Monitor running tasks with Celery

Tool: Celery is the task runner that manages task execution and scheduling.

To use Celery to request task information, pass the following environment variable(s) with your request:

export EIQ_PLATFORM_SETTINGS=/etc/eclecticiq/platform_settings.py

Append Celery commands after the environment variable(s).

Celery commands have the following format:

celery -A ${module_name} ${command}

Ping Celery to see which tasks are up and listening.

This is the easiest way to check task running status. All active tasks reply with pong.

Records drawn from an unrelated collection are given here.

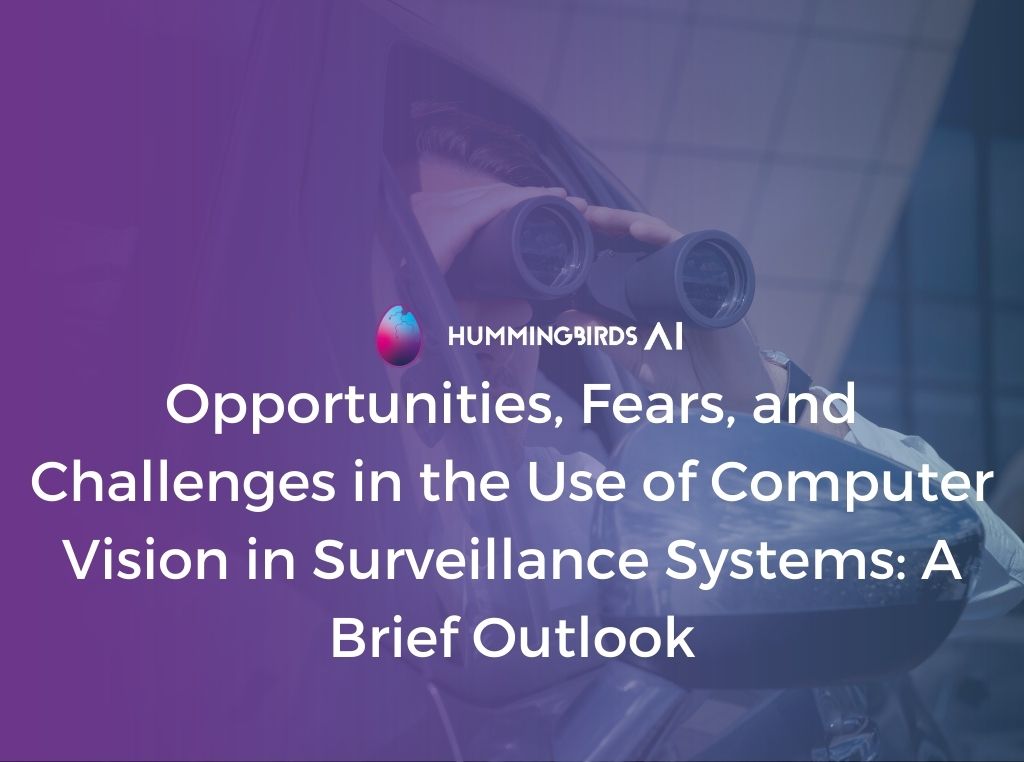 Opportunities, Fears, and Challenges in the Use of Computer Vision in Surveillance Systems: A Brief Outlook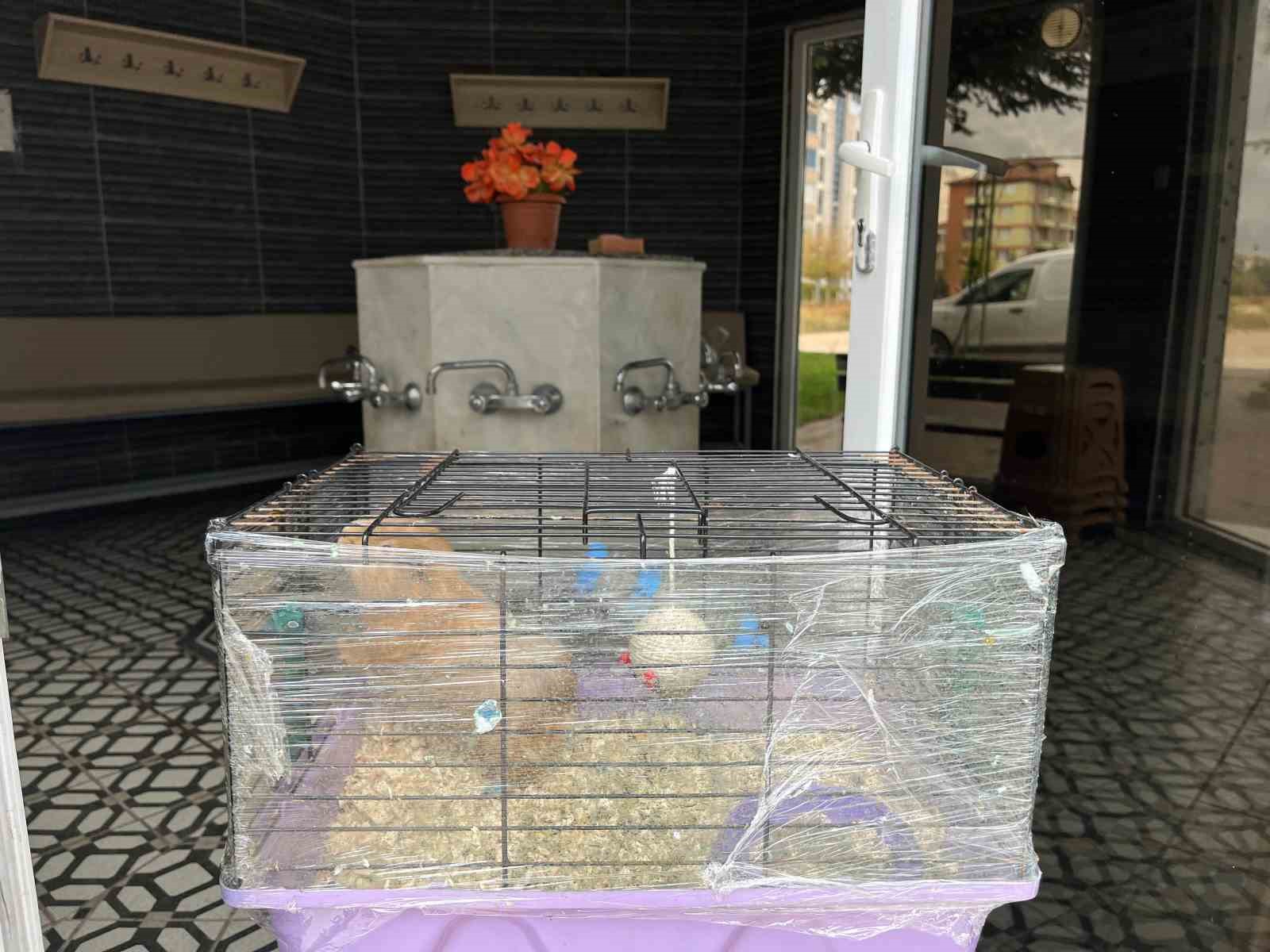 Eskişehir'de cami şadırvanında hamster bırakıldı.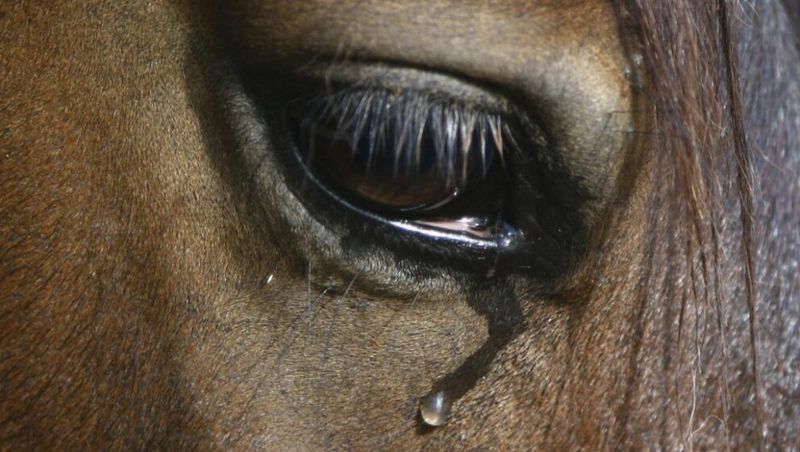 Horses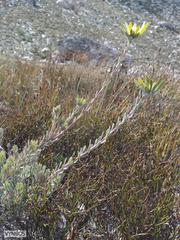 Leucadendron nitidum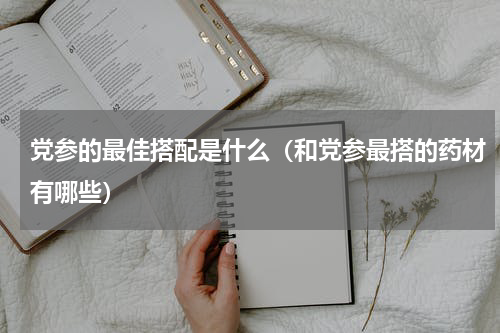 党参的最佳搭配是什么（和党参最搭的药材有哪些）
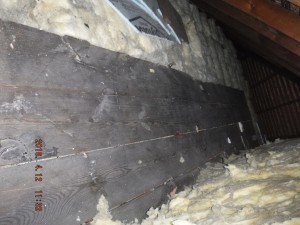 Black mold remediation Cleveland Ohio   
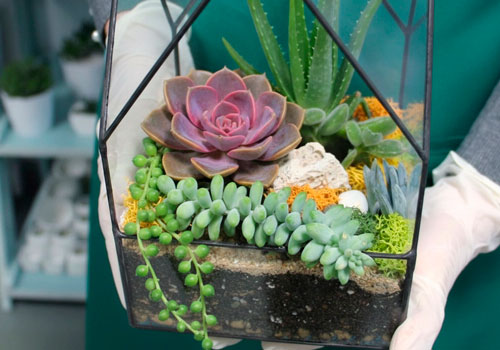 Мастер-класс Геометрическая оранжерея: Мини Чаша/Бриллиант/Венера в Москве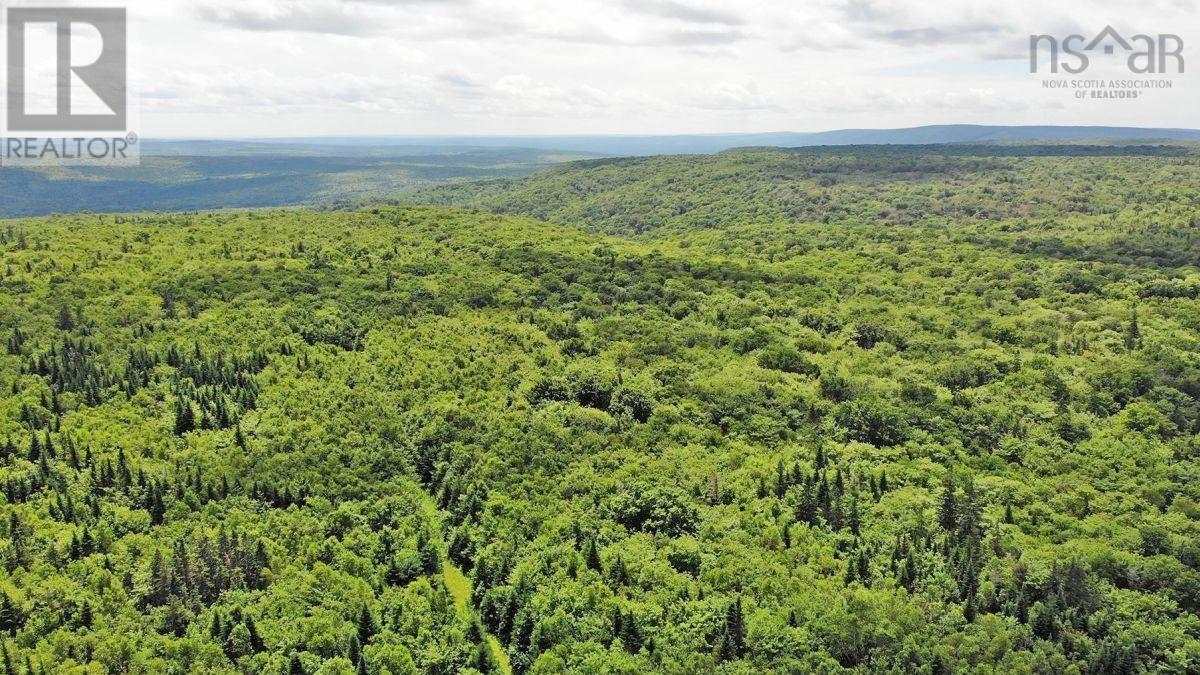 310 Acres River Denys Mountain Road, Milford, Nova Scotia  B0E 2Y0 - Photo 19 - 202407285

export EIQ_PLATFORM_SETTINGS=/etc/eclecticiq/platform_settings.py
/opt/eclecticiq/platform/api/bin/celery -A eiq.platform.taskrunner.app inspect ping

To inspect active tasks, run the following command(s):

export EIQ_PLATFORM_SETTINGS=/etc/eclecticiq/platform_settings.py
/opt/eclecticiq/platform/api/bin/celery -A eiq.platform.taskrunner.app inspect active

To inspect active tasks queues, run the following command(s):

export EIQ_PLATFORM_SETTINGS=/etc/eclecticiq/platform_settings.py
/opt/eclecticiq/platform/api/bin/celery -A eiq.platform.taskrunner.app inspect active_queues

To inspect scheduled tasks, run the following command(s):

export EIQ_PLATFORM_SETTINGS=/etc/eclecticiq/platform_settings.py
/opt/eclecticiq/platform/api/bin/celery -A eiq.platform.taskrunner.app inspect scheduled

To inspect overall task status, run the following command(s):

export EIQ_PLATFORM_SETTINGS=/etc/eclecticiq/platform_settings.py
/opt/eclecticiq/platform/api/bin/celery -A eiq.platform.taskrunner.app status

To request task statistics (exhaustive, but it can be verbose), run the following command(s):

export EIQ_PLATFORM_SETTINGS=/etc/eclecticiq/platform_settings.py
/opt/eclecticiq/platform/api/bin/celery -A eiq.platform.taskrunner.app inspect stats

(For further details, see the documentation on Celery ping, Celery workers, Celery worker statistics, and Celery monitoring)